▶ _Records shown_
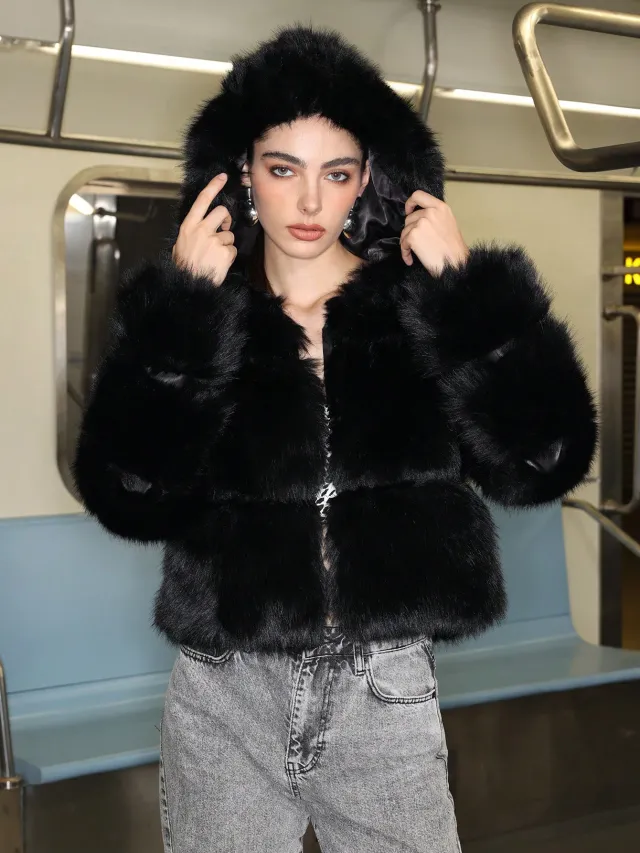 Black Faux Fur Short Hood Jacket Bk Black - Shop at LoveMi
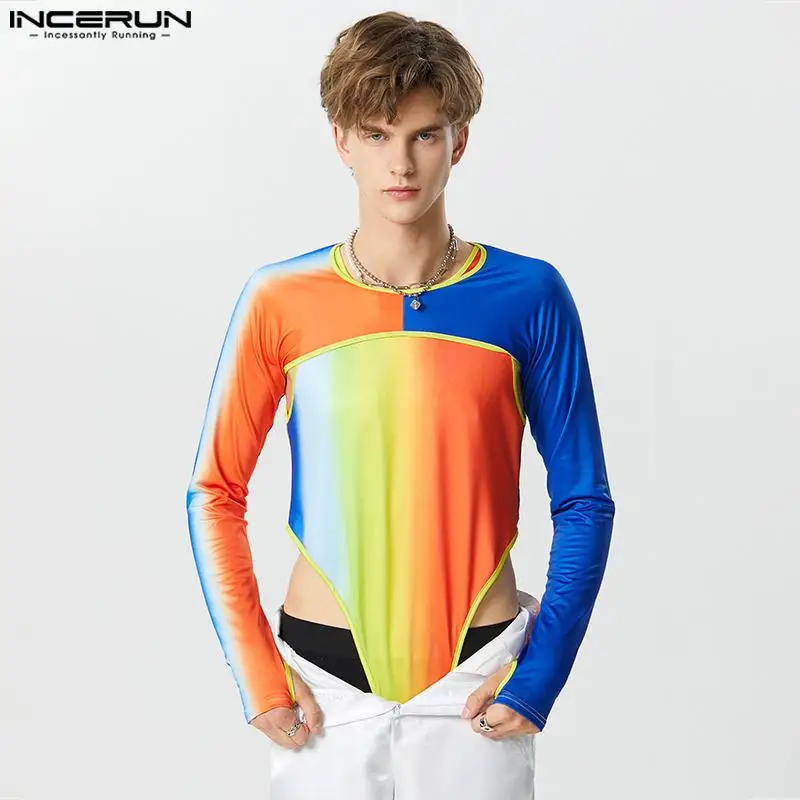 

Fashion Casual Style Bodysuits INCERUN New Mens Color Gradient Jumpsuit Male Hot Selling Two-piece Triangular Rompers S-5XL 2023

* * *

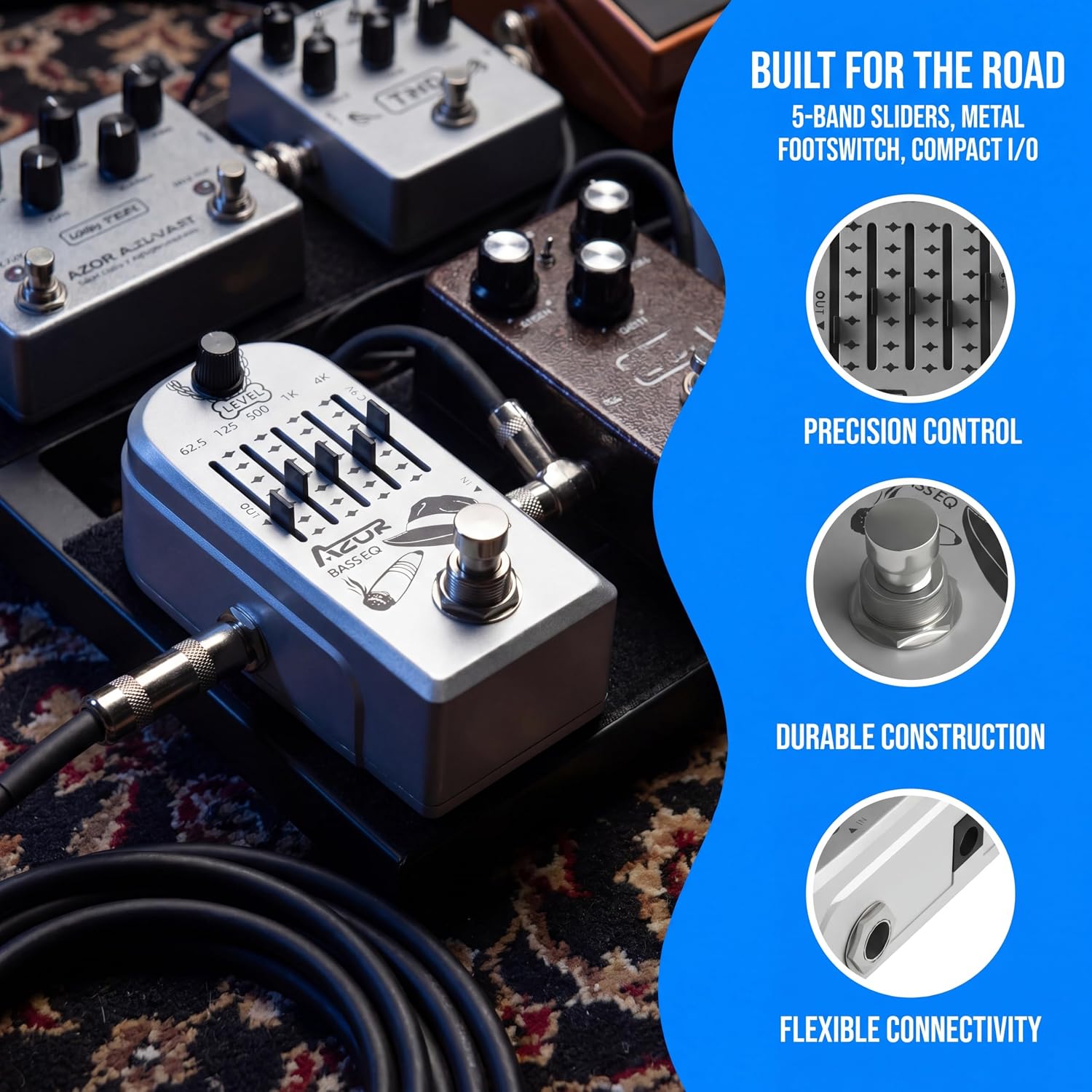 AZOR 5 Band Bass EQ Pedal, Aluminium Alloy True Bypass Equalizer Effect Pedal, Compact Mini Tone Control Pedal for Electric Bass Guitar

▶ _Assigned task_
Your copy should hold the lines from the one with "Black Faux Fur" up to and including the one with "Fashion Casual Style", exactly as in the data above, and no pictures.

▶ _Task response_
 Black Faux Fur Short Hood Jacket Bk Black - Shop at LoveMi

Fashion Casual Style Bodysuits INCERUN New Mens Color Gradient Jumpsuit Male Hot Selling Two-piece Triangular Rompers S-5XL 2023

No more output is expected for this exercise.